La bonne nouvelle, c'est que le sujet de la souveraineté française de l'eau revient sur le haut de la pile. Pourquoi ? Car la question du recul glaciaire va monter en puissance et car il faut remettre l'église au milieu du village. Si on veut éviter des conflits majeurs dans les territoires, il faut traiter le sujet dans un temps long, que les élus, les bénéficiaires et usagers de l'eau, les industries, les agriculteurs, les citoyens se mettent autour de la table. Il faut mettre des objectifs de gestion économe de la ressource - avec une conscientisation citoyenne à forcer -, avancer en matière de recherche agronomique, et parvenir à protéger nos rivières et nos captages d'eau.
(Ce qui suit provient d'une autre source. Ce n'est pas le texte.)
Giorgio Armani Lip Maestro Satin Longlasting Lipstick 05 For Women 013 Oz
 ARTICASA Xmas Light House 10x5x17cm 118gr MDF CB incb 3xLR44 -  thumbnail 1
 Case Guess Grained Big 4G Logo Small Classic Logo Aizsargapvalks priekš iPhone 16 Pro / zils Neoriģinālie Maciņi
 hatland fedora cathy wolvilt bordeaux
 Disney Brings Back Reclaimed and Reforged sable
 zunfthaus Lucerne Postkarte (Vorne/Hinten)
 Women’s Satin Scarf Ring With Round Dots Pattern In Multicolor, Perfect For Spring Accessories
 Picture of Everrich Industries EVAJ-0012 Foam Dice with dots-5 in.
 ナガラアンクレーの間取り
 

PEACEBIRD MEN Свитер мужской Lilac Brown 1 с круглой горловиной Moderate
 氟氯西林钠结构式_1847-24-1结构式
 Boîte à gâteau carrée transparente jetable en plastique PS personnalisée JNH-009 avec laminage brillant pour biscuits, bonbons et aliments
Il faut aussi redéfinir des solidarités amont-aval et bien sûr les modalités fiscales.

Ne serait-il pas pertinent de travailler sur la ressource en eau, que l'on connaît mal ?

Il faut monter en technicité. On a la chance d'avoir le Syndicat mixte d'aménagement de la Vallée de la Durance qui dispose de connaissances et de compétences pour mieux comprendre ce qui se passe aujourd'hui et anticiper demain. Les Agences de l'eau ont un rôle important, dès lors qu'elles se mutent en partenaires pour trouver des solutions et pas en prescripteurs de contraintes. Transformons-les en alliées. Il paraît judicieux aussi que le Département instaure un pôle eau, de réflexion, d'analyse, d'ingénierie en appui aux collectivités locales pour documenter le sujet. Car nous aurons besoin de cette compétence fine pour équilibrer la puissance des intérêts du sud de la région Paca. N'arrive au Sud que ce qui passe par chez nous. Par l'objectivation des faits, il s'agit d'éviter les postures car on sent bien que la guerre de l'eau est là. Il faut créer des modes de régulation.